_What to produce_
Retype every record below exactly as it is written.

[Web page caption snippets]
■ ■ ■ ■ ■

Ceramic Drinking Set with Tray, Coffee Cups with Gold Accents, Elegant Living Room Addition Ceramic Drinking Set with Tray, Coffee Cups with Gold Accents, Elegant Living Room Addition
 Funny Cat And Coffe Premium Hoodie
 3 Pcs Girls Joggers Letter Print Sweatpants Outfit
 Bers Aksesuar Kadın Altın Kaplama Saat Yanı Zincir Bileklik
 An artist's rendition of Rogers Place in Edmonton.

■ ■ ■ ■ ■

_Result of this task_
Ceramic Drinking Set with Tray, Coffee Cups with Gold Accents, Elegant Living Room Addition Ceramic Drinking Set with Tray, Coffee Cups with Gold Accents, Elegant Living Room Addition
 Funny Cat And Coffe Premium Hoodie
 3 Pcs Girls Joggers Letter Print Sweatpants Outfit
 Bers Aksesuar Kadın Altın Kaplama Saat Yanı Zincir Bileklik
 An artist's rendition of Rogers Place in Edmonton.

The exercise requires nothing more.